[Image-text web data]
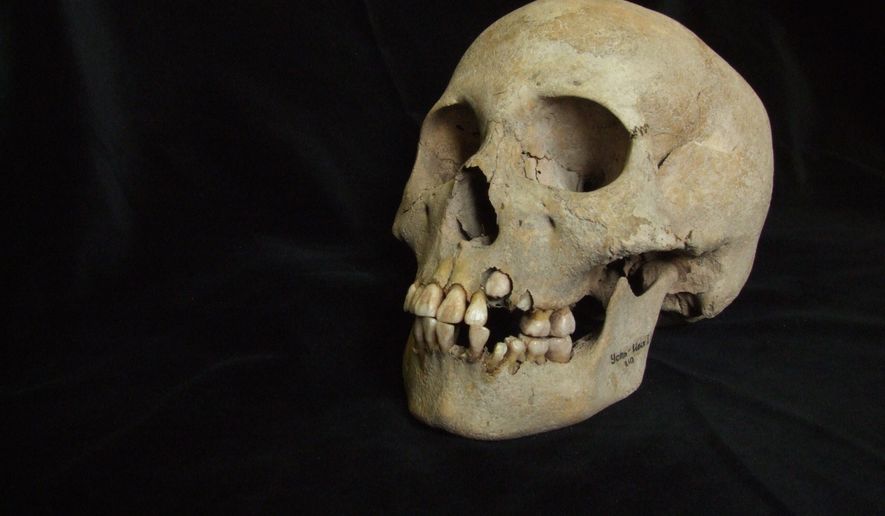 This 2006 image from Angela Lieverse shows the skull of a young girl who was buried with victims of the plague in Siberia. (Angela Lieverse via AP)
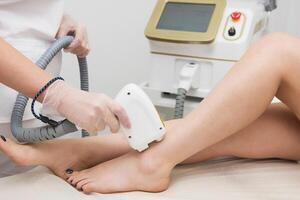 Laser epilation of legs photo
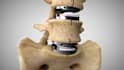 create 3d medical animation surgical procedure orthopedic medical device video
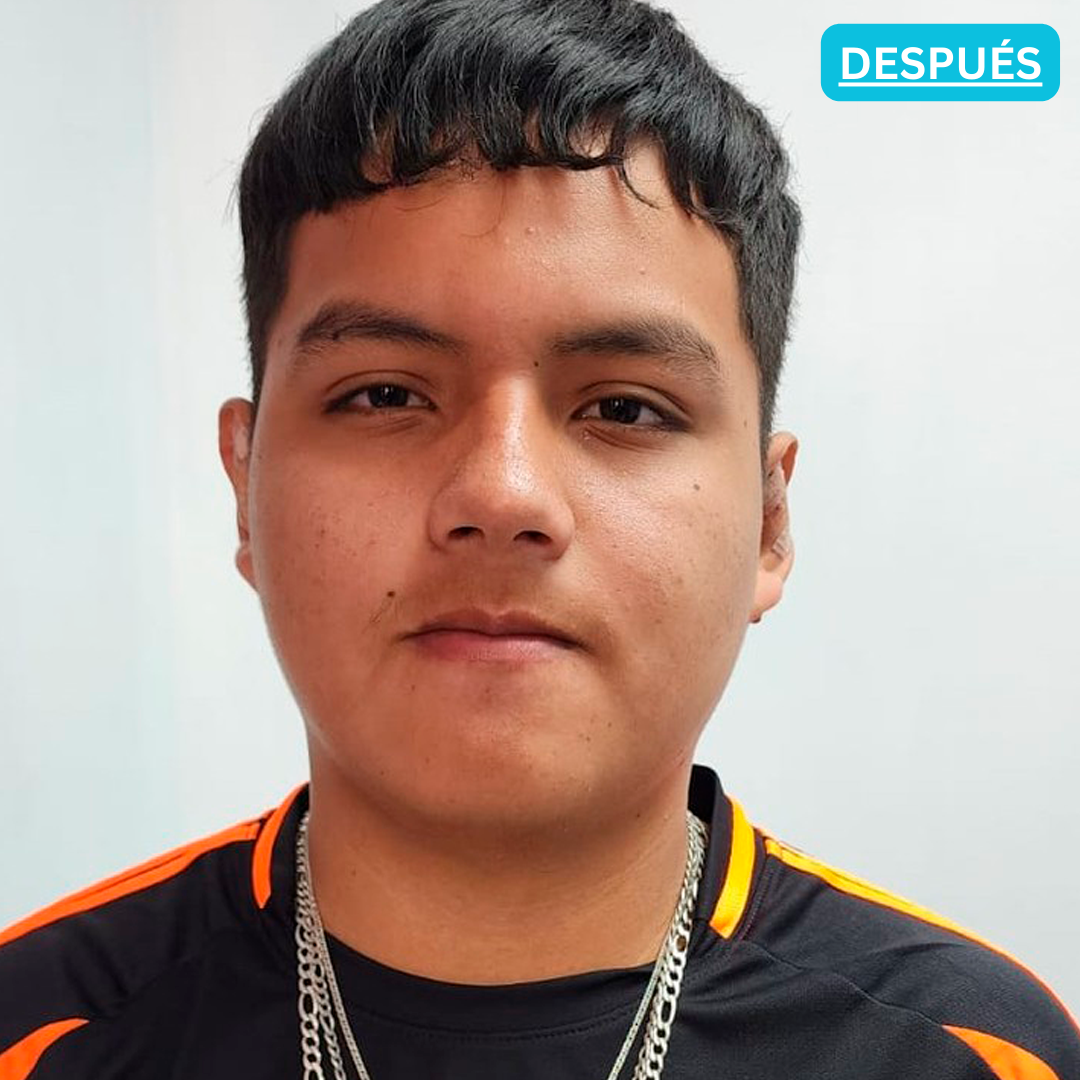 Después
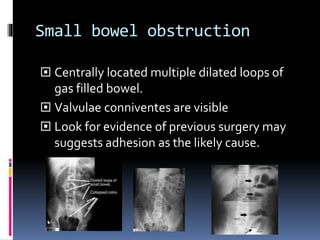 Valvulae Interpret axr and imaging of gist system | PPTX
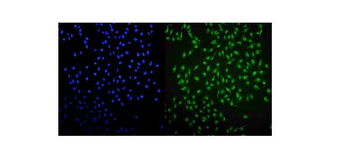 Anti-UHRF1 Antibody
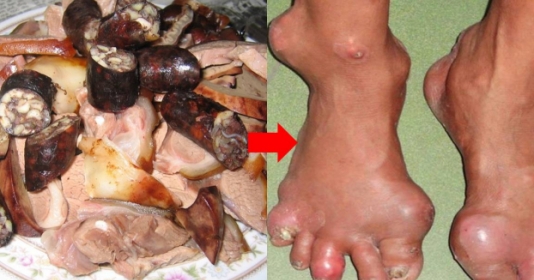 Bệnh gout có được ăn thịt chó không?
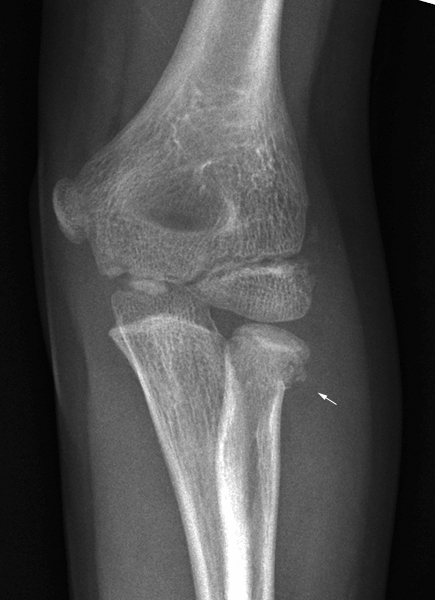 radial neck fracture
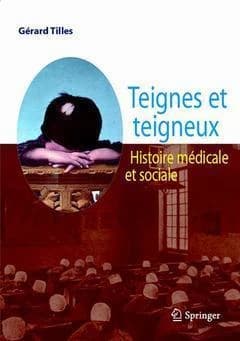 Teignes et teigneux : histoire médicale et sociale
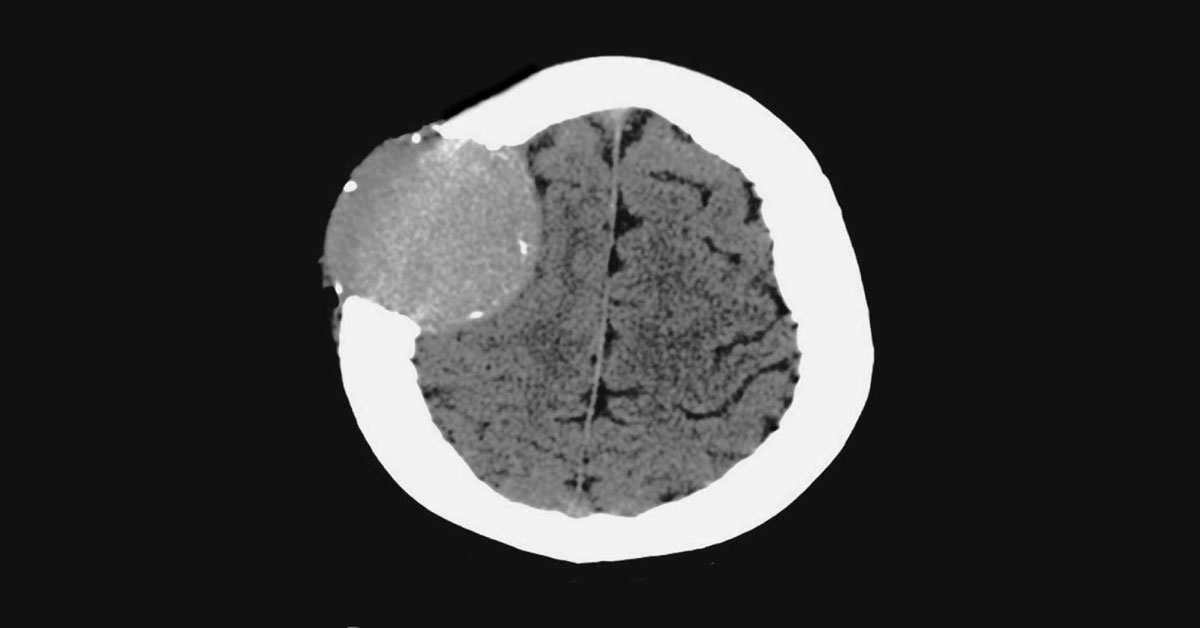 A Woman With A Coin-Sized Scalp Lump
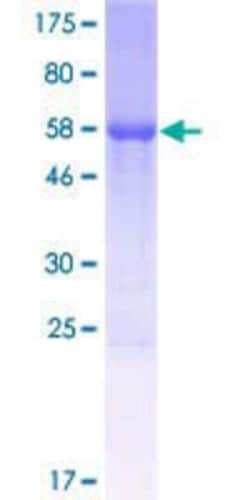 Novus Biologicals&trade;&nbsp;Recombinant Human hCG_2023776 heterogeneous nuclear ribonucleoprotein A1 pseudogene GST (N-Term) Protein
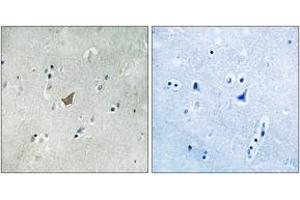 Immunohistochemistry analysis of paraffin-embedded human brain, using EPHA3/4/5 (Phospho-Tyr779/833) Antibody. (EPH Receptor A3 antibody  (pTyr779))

• _Task objective_
Repeat all of the entries word for word, but omit the pictures.

• _Answer to this task_
 This 2006 image from Angela Lieverse shows the skull of a young girl who was buried with victims of the plague in Siberia. (Angela Lieverse via AP)
 Laser epilation of legs photo
 create 3d medical animation surgical procedure orthopedic medical device video
 Después
 Valvulae Interpret axr and imaging of gist system | PPTX
 Anti-UHRF1 Antibody
 Bệnh gout có được ăn thịt chó không?
 radial neck fracture
 Teignes et teigneux : histoire médicale et sociale
 A Woman With A Coin-Sized Scalp Lump
 Novus Biologicals&trade;&nbsp;Recombinant Human hCG_2023776 heterogeneous nuclear ribonucleoprotein A1 pseudogene GST (N-Term) Protein
 Immunohistochemistry analysis of paraffin-embedded human brain, using EPHA3/4/5 (Phospho-Tyr779/833) Antibody. (EPH Receptor A3 antibody  (pTyr779))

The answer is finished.